2. Model & Tokenizer Loading
Load the base Llama-2-7b-chat model with 4-bit quantization to fit in memory.

In [2]:
import torch
from datasets import load_dataset
from peft import LoraConfig, PeftModel, prepare_model_for_kbit_training
from transformers import (
    AutoModelForCausalLM,
    AutoTokenizer,
    BitsAndBytesConfig,
    TrainingArguments,
    pipeline,
    logging,
)
from trl import SFTTrainer

# 1. Model Configuration
# We use a "Chat" version of Llama or Mistral which is great for following instructions
model_name = "nousresearch/llama-2-7b-chat-hf"

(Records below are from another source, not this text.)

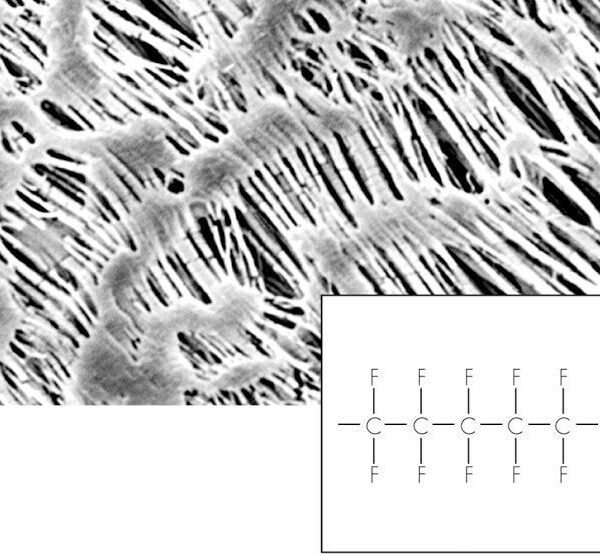 Filtro de membrana de PTFE, 47mm diámetro 0.45µm poro, No estéril, x 100u.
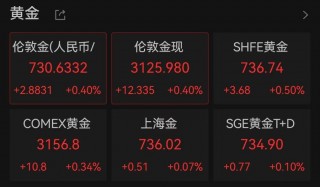 黄金概念震荡回升，这家黄金珠宝商涨停！又有银行宣布上调积存金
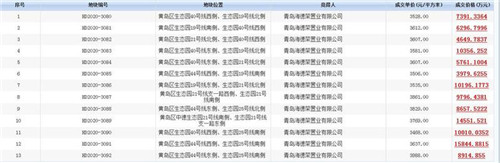 海信联合体斥资11.64亿元 成功竞得西海岸中德生态园13宗新地！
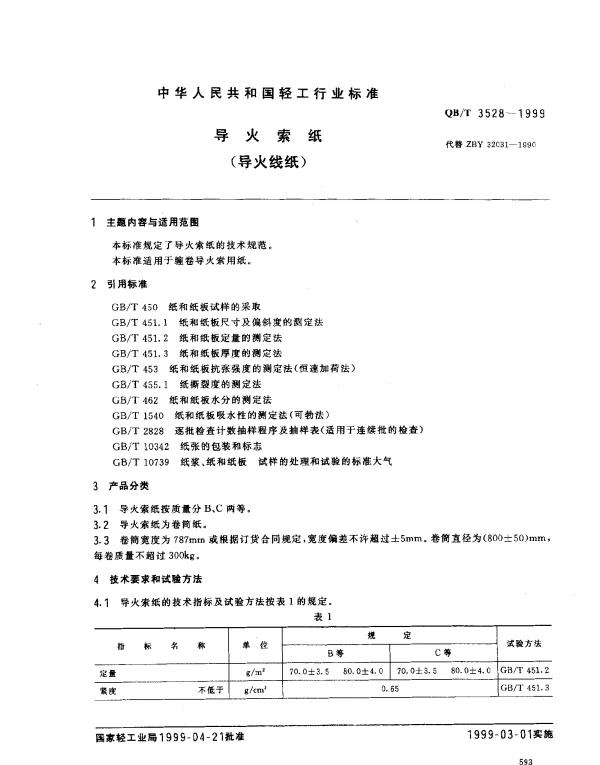 QBT 3528-1999 导火索纸(导火线纸)
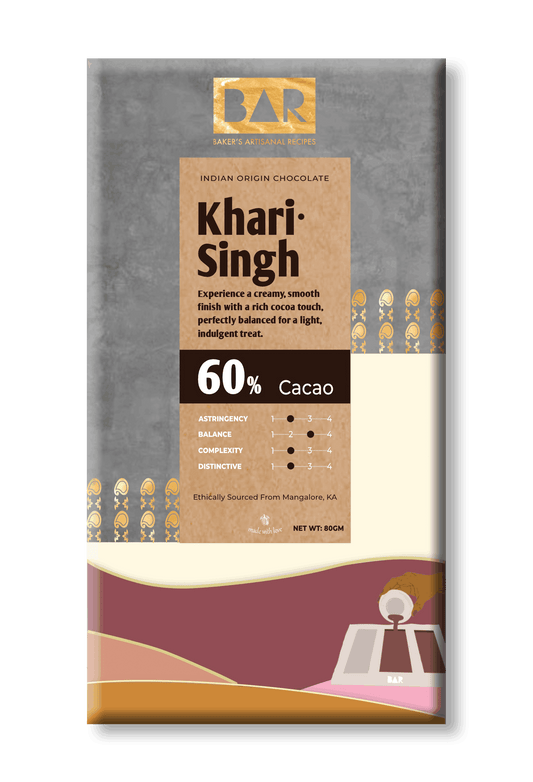 Khari Singh 60% - Mangalore, Karnataka Origin
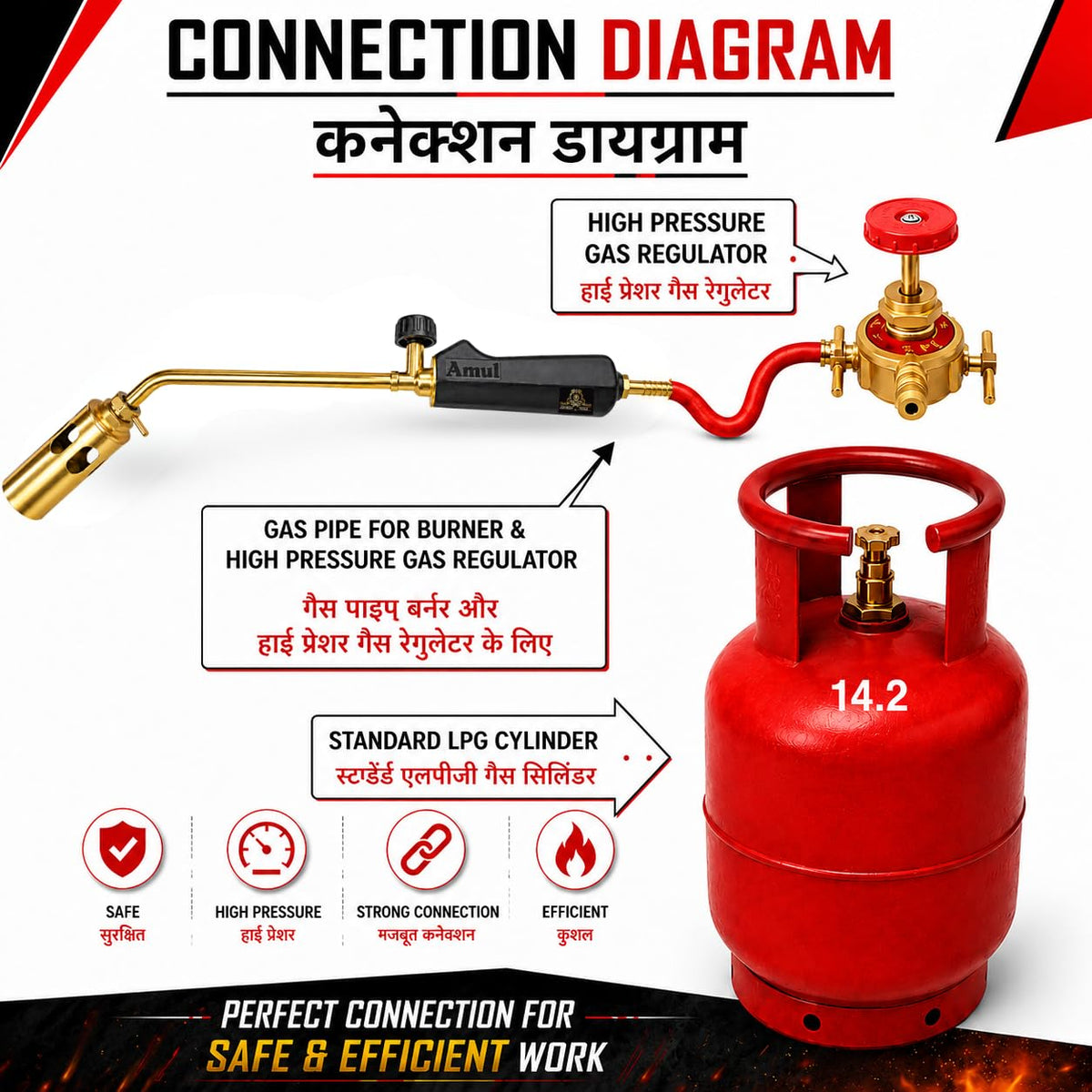 Johnson Tools Amul 36cms Long Nozzle LPG flamethrower Heating Torch Gun with 5no Burner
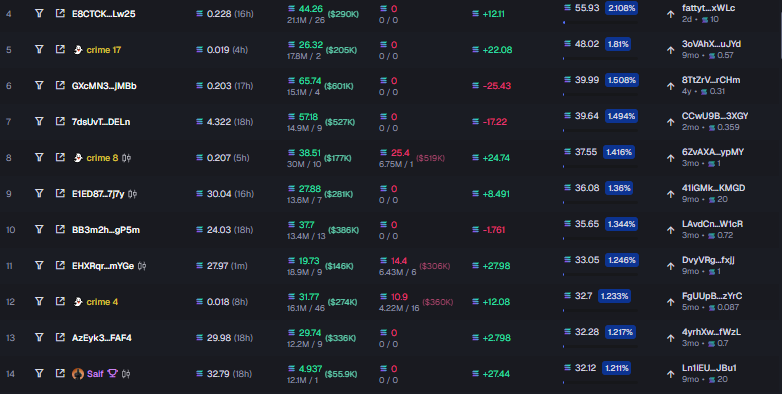 Rapid_16744's tweet photo. Crime wallets are positioned👀👀

Dont fade 

$HSMA https://t.co/9oDODZGIay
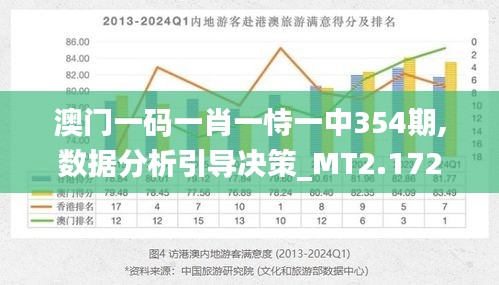 澳門三期必開一肖，揭秘生肖彩票的神秘面紗，澳門三期必開一肖揭秘彩票生肖的神秘面紗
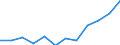 Statistical information: Median equivalised income / Unit of measure: Purchasing power standard (PPS) / Risk of poverty threshold: Below 60% / Household composition: One adult / Geopolitical entity (reporting): Luxembourg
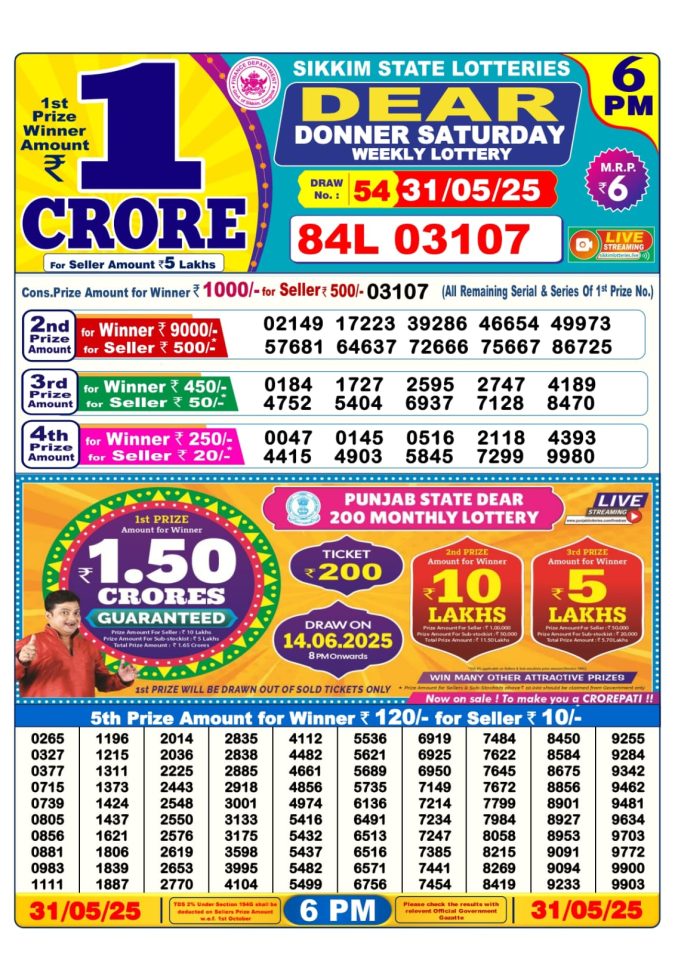 Lottery Sambad Today Result - 1 PM 6 PM 8 PM Results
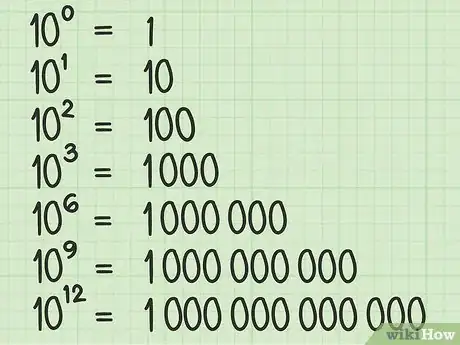 Image titled Write Exponents Step 7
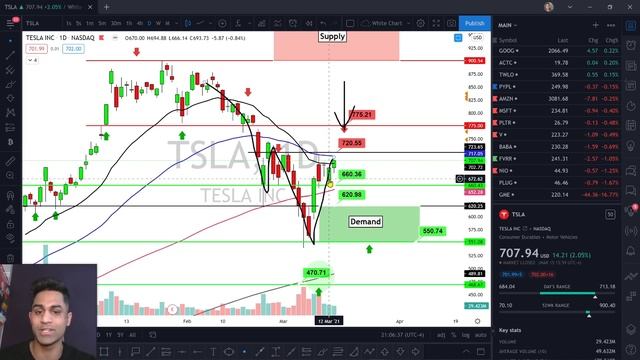 ? New Highs or New Lows for Tesla and NIO Stock?? [Making Progress] Technical Analysis Tesla and NI смотреть онлайн
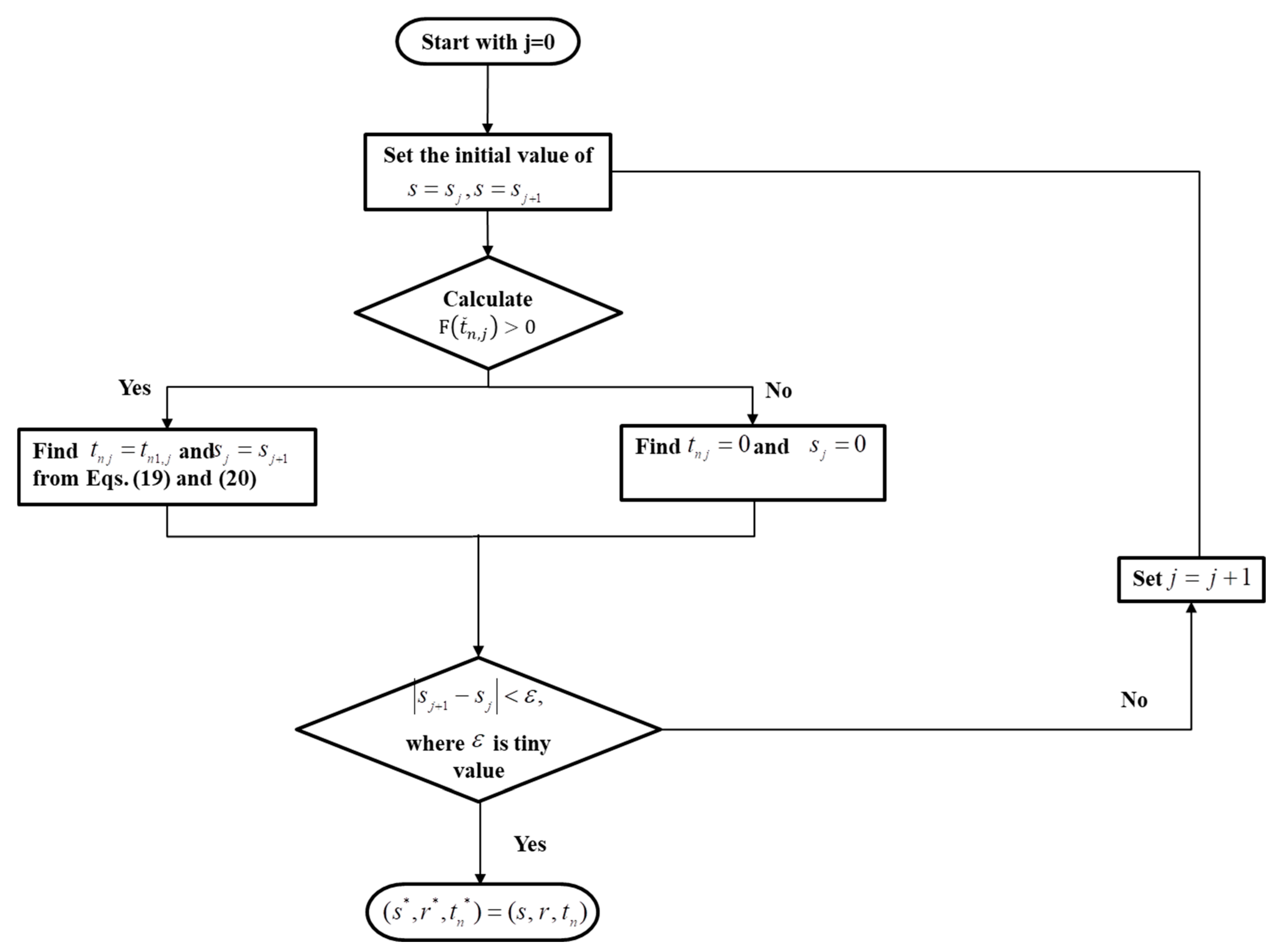 Mathematics 13 01303 g002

# Quantization Config (Makes the model 4x smaller to fit in memory)
bnb_config = BitsAndBytesConfig(
    load_in_4bit=True,
    bnb_4bit_quant_type="nf4",
    bnb_4bit_compute_dtype=torch.float16,
    bnb_4bit_use_double_quant=False,
)

# 2. Load Base Model
model = AutoModelForCausalLM.from_pretrained(
    model_name,
    quantization_config=bnb_config,
    device_map={"": 0}
)
model.config.use_cache = False # Silence warnings during training
model.config.pretraining_tp = 1

# 3. Load Tokenizer
tokenizer = AutoTokenizer.from_pretrained(model_name, trust_remote_code=True)
tokenizer.pad_token = tokenizer.eos_token # Fix padding issues
tokenizer.padding_side = "right" # Fix mixed-precision issues

print("Model and Tokenizer loaded!")

The secret `HF_TOKEN` does not exist in your Colab secrets.
To authenticate with the Hugging Face Hub, create a token in your settings tab (https://huggingface.co/settings/tokens), set it as secret in your Google Colab and restart your session.
You will be able to reuse this secret in all of your notebooks.
Please note that authentication is recommended but still optional to access public models or datasets.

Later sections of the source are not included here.